= Thomas White (died 1566) =

Member of the Parliament of England for Hampshire

Sir Thomas White (25 March 1507 – 2 November 1566) was an English politician.

==Family==
He was the eldest son of Robert White junr. of South Warnborough, Hampshire (son of Robert White and Margaret Gaynesford), and Elizabeth, daughter of Sir Thomas Englefield the elder. He was almost 14 years old when his father died in 1521, and he became the ward of John Morys (Morris), who soon afterwards became Keeper of an episcopal park in Farnham, Surrey.
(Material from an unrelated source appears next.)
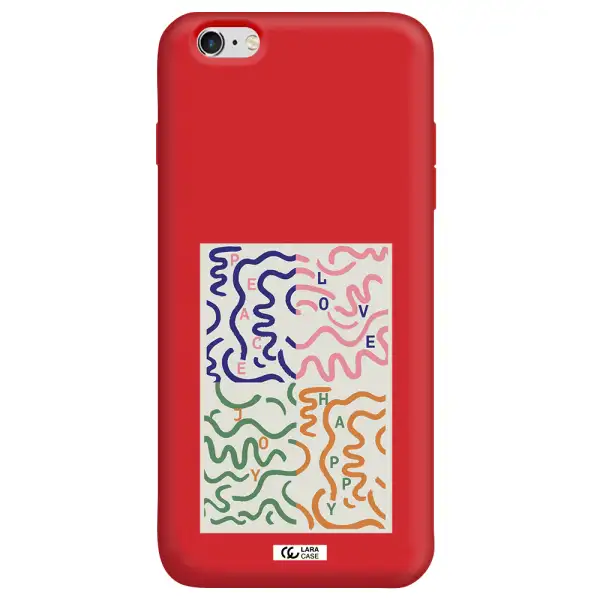 Peace,Love,Joy,Happy Apple iPhone 6S Silicone Imperial Red Case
Thomas White married Agnes, the daughter of Robert White of Farnham. They had 14 sons and 6 daughters, but some of them died in childhood. His sister Sybill married (as his first wife) Sir John White of Aldershot, Alderman and Lord Mayor of London, brother of John White, the Marian Bishop of Lincoln (1554–1556) and Bishop of Winchester (1556–1559).

==Career==
Having studied law at the Inner Temple, he was treasurer of the bishopric of Winchester from 1538 to his death, and Keeper of Farnham Castle, Surrey from 1540 to death. He was elected Knight of the Shire for Hampshire seven times between 1547 and 1559. A strong Catholic, he was knighted at Westminster by the Earl of Arundel on 2 October 1553, the day after the coronation of Queen Mary I, and served as a Master of Requests during Mary's reign from 1553 to 1558.

According to the inscription on their stone altar-tomb at South Warnborough, he died in London in 1566 and Dame Agnes died in Canterbury in January 1570–71.